Carla Liss (1944–2012) was an American visual and performance artist, and filmmaker and film actor. She was known for her associations with Fluxus and the London Film-Makers' Co-op.

She was the daughter of the screenwriter and executive Abe Liss, who worked as a creative director for United Productions of America and later owned Elektra Film Production who made TV commercials Elektra was credited with "squeeze motion" technique of animation. Abe Liss was the producer for Elektra of Flavio (short, 1963) directed by Gordon Parks. He died on December 1, 1963, aged 47.

Carla Liss was born in Hollywood, California. She attended Sarah Lawrence College, the University of Wisconsin, and the Film School of Boston University.

In 1966 Liss appeared in the George Kuchar short film Leisure. She took part in work by Andy Meyer, and Tom Chomont's Ophelia. She was an actor in The Longest Most Meaningless Movie in the World (1970). She was in Normalsatz / Ordinary Sentence (1978–81) by Heinz Emigholz. Reynolds wrote:

There is little written on her ephemeral and responsive film practice, yet Liss's name can be traced through other, more feminist-inflected art networks from 1972 onwards.

Nathaniel Dorsky, a friend of both, documented Kuchar and Liss in his short memorial film August and After (2012). He knew Liss in New York, and later when she had a San Francisco apartment, and mentioned an affair she had with Felix Guattari.

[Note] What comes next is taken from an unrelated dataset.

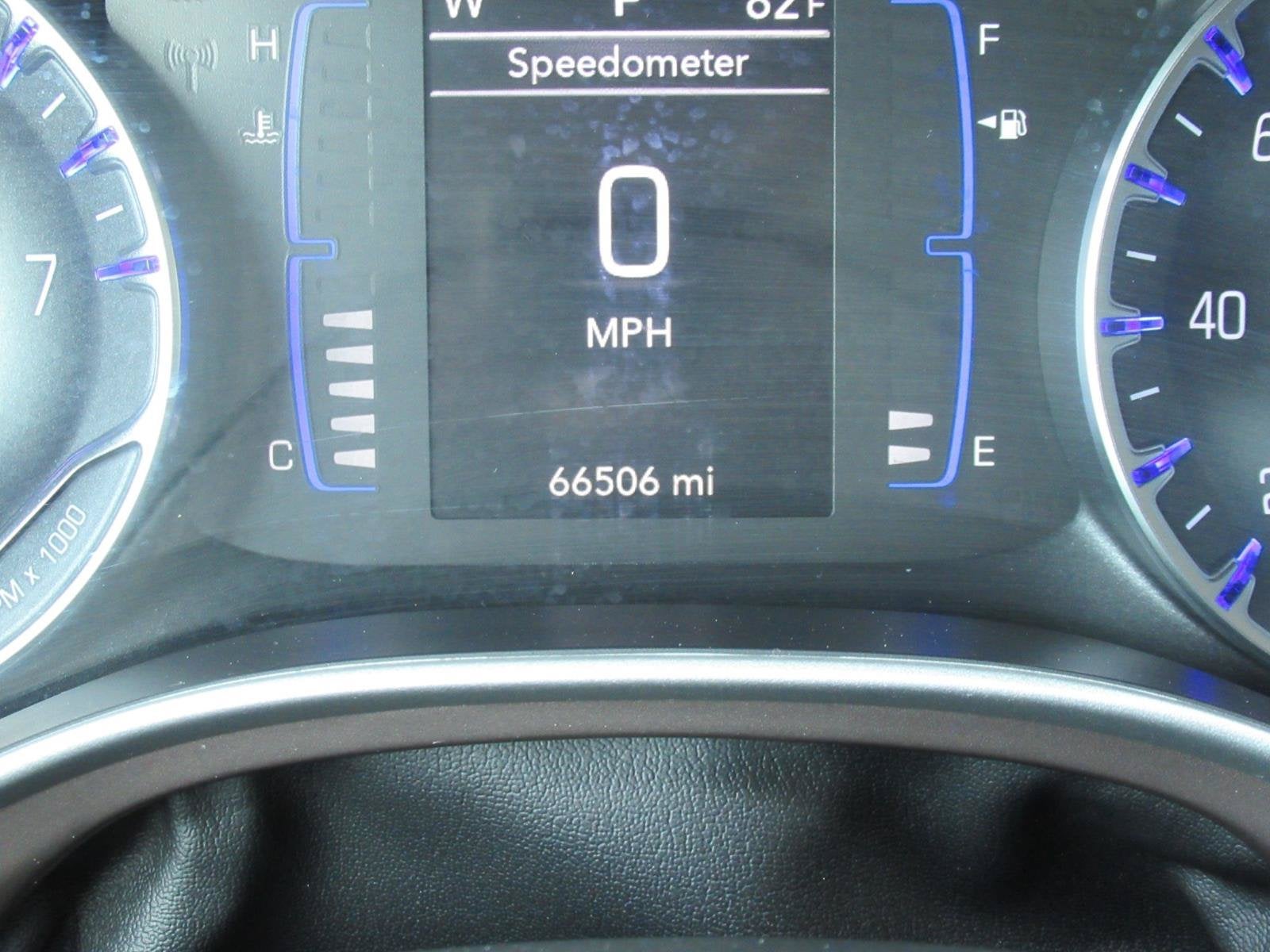 2024 Chrysler Voyager LX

An associate of Jonas Mekas of The Film-Makers' Cooperative in New York, Liss worked at the Film Maker's Cinematheque, in the 41st Street Theater. She traveled with him on European tours of the mid-1960s. She then was instrumental in bringing to London a major collection of New American Cinema works.

The London Film-Makers Coop (LFMC), founded in 1966, was initially heavily under the influence of Mekas, who asserted some sort of ownership of it as a "branch". From mid-1968 Liss was an intermediary in a deal that acquired for the LFMC much of P. Adams Sitney's traveling film collection, seen at British venues earlier that year.